Notice that this script can not handle other optional inputs yet, such as bednet distributions or soil textures. These will be incorporated at a later date asap.
Tip
Note that the year, month and day column information is assumed to be the same for all input files (temperature, rainfall and population). For the moment, if you have different orders you may need to run the script 3 times and use this fudge: When you want to process temperature, you set the columns for the temperature file and call with rain=0. This produces a climate file with your temperature data inside and zero rainfall. You then repeat this “inverted”, that is specify columns for rainfall and set temp=0
. Beware that when you run vectri you will then need to run with the two input files, vectri --c temp_file --p precip_file
and beware not to mix them up!
11.4. Creating a constant climate driver file
script name: vectri_point_input
In the previous section, we saw how the temperature, rainfall and population information could all be set to a constant value by simply specifying this value instead of an input text filename.

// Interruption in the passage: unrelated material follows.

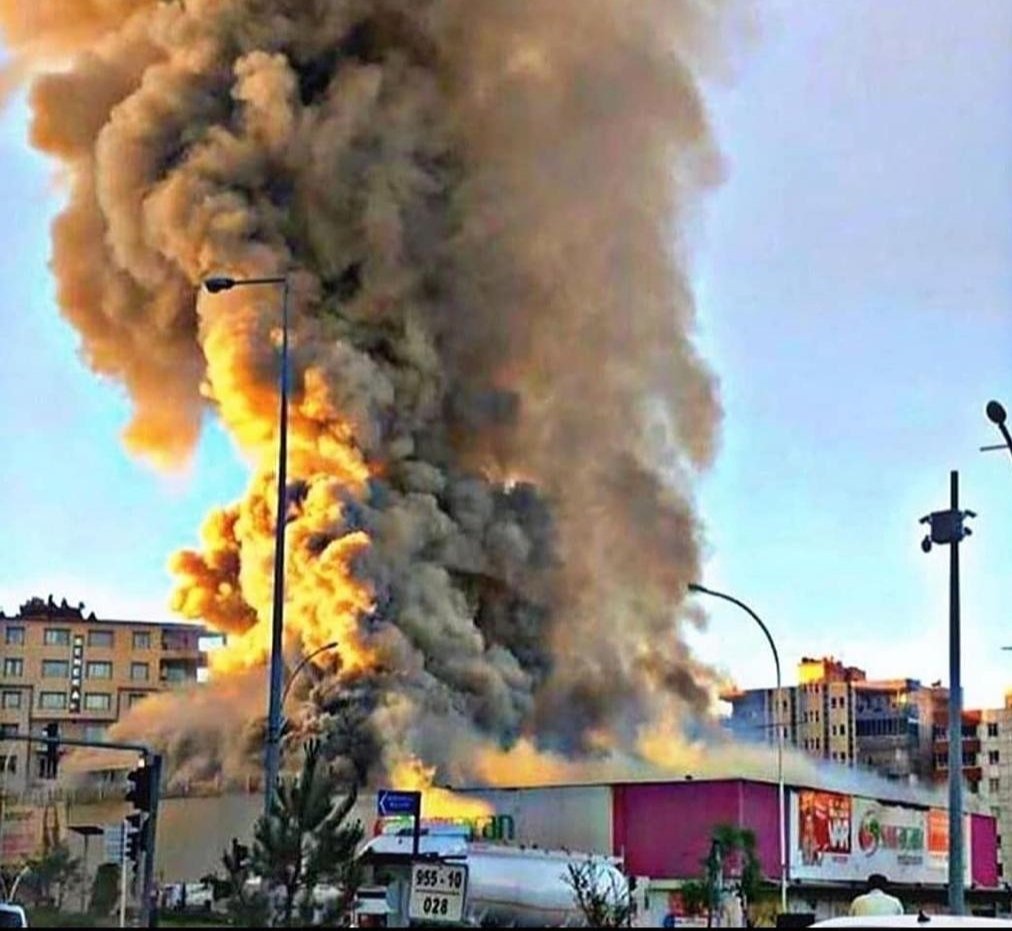 #soracanadestekvakti 
<a href="/RTErdogan/">Recep Tayyip Erdoğan</a> <a href="/BeratAlbayrak/">Berat Albayrak</a> <a href="/Ziverozdemir/">Ziver ÖZDEMİR</a> <a href="/aakifgur/">Av.A.Akif Gür</a> <a href="/Batmantso/">BATSO</a> <a href="/ikalin1/">İbrahim Kalın</a> <a href="/selmannasiroglu/">M.Selman Nasıroğlu</a> <a href="/suleymansoylu/">Süleyman Soylu</a>
<a href="/hasandogan/">Hasan Doğan</a> <a href="/ticaret/">T.C. Ticaret Bakanlığı</a>  <a href="/batmanvaliligi/">Batman Valiliği</a> Bismillahirrahmanirrahim
Allah yeniden başlayanlarla beraberdir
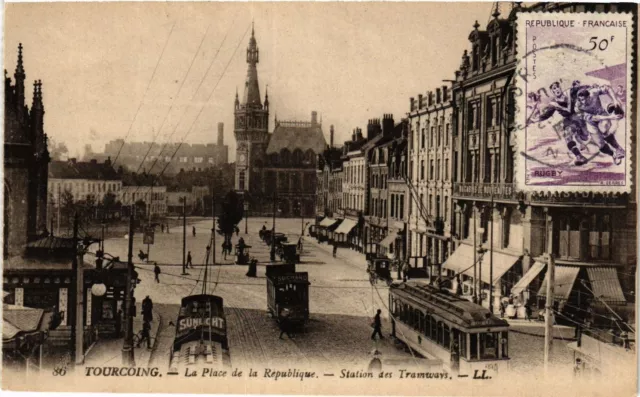 CPA TOURCOING - La Place de la Republique (422755)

This can be used for generating idealized input data, i.e. with changing rainfall but constant temperature to investigate the climate drivers separately.
One can even create a file with all inputs constant to see how the EIR responds in the model as a function of temperature, rainfall and population. In this case you need to specify the length of your desired driver file using the nday=X
option. Note that the dates in the output file are set to start in the year 2000 but are obviously completely arbitrary! Here is how to generate a driver file of 1000 days, with temperature of 27 o C, rain of 5 mm/day and a separate population data file with a density set to 200 km -2.
vectri_point_input --temp=27 --rain=5 --pop=200 --nday=1000
11.5. Running large ensembles in parallel
script name: burst_submit.py
For advanced users with knowledge of python.
This script is not a working script, but demonstrates how you can run large vectri ensembles efficiently in parallel on a shared memory architecture. The example shows how various climate models and RCP climate scenarios can be combined into a long vector of simulation experiments. Then on a shared memory node with N cpus, the script uses python’s starmap from the multiprocessing package to farm out N jobs. As soon as one job completes, the next job in the vector is submitted. Each simulation is written to its own directory to avoid conflicts with input and output files.